I can’t literally reduce this down to five words, but a succinct message might be something like “Mind control won’t work. We need a plan that’s better than that.”
OK, so here we should give some credit to Eliezer for having thought this through and who has been making a big deal about this precise thing (although partly through his recent fanfic that he keeps alluding to, so maybe that doesn’t really count).
I tend to find him a bit annoying on these things because surely people wouldn’t seriously try to pin substantial hopes on these kind of ideas, but what do I know.
Thank you for pointing this out. I am deducting some points from myself for not realizing this on my own. On a more mundane level: steering vectors might get somewhat screwy rather soon.

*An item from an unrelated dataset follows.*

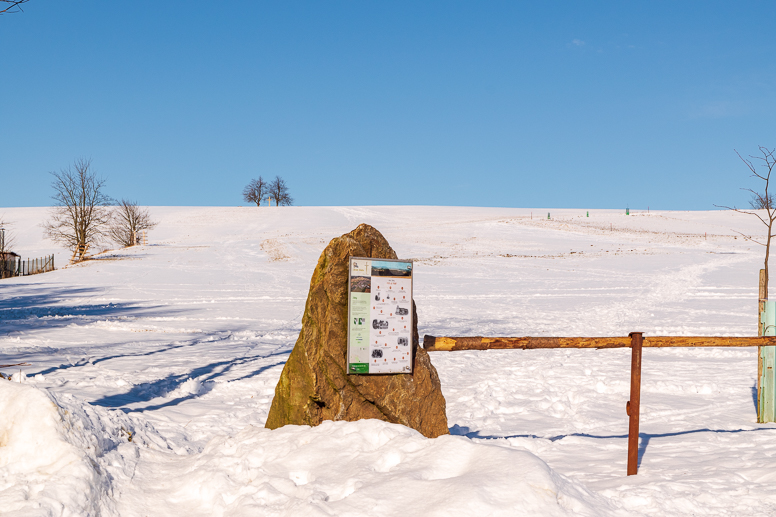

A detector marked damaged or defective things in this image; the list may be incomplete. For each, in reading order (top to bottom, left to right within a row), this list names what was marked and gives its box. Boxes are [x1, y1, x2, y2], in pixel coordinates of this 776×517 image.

rusty metal post [624, 332, 644, 474]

Could it be limited to stuff like LLMs rather than all kinds of AI? They were trained with massive amounts of data that don’t reflect the imposed thought, and the resulting preferences/motivation is distributed in a large network. Injecting one vector doesn’t affect all the existing circuits of preferences and thinking habits sufficiently, so its chain of thoughts may be able to break free enough to realize and work around it.
One would hope that progress in interpretability will allow us to do much more refined “mind control” than adding difference vectors.
One would hope indeed. But even so, we do now know that this is likely to be the kind of action that could be detected and opposed. And since I didn’t predict in advance that this would happen, especially at this capability level, the update for me is that it’s going to be significantly harder than I would hope.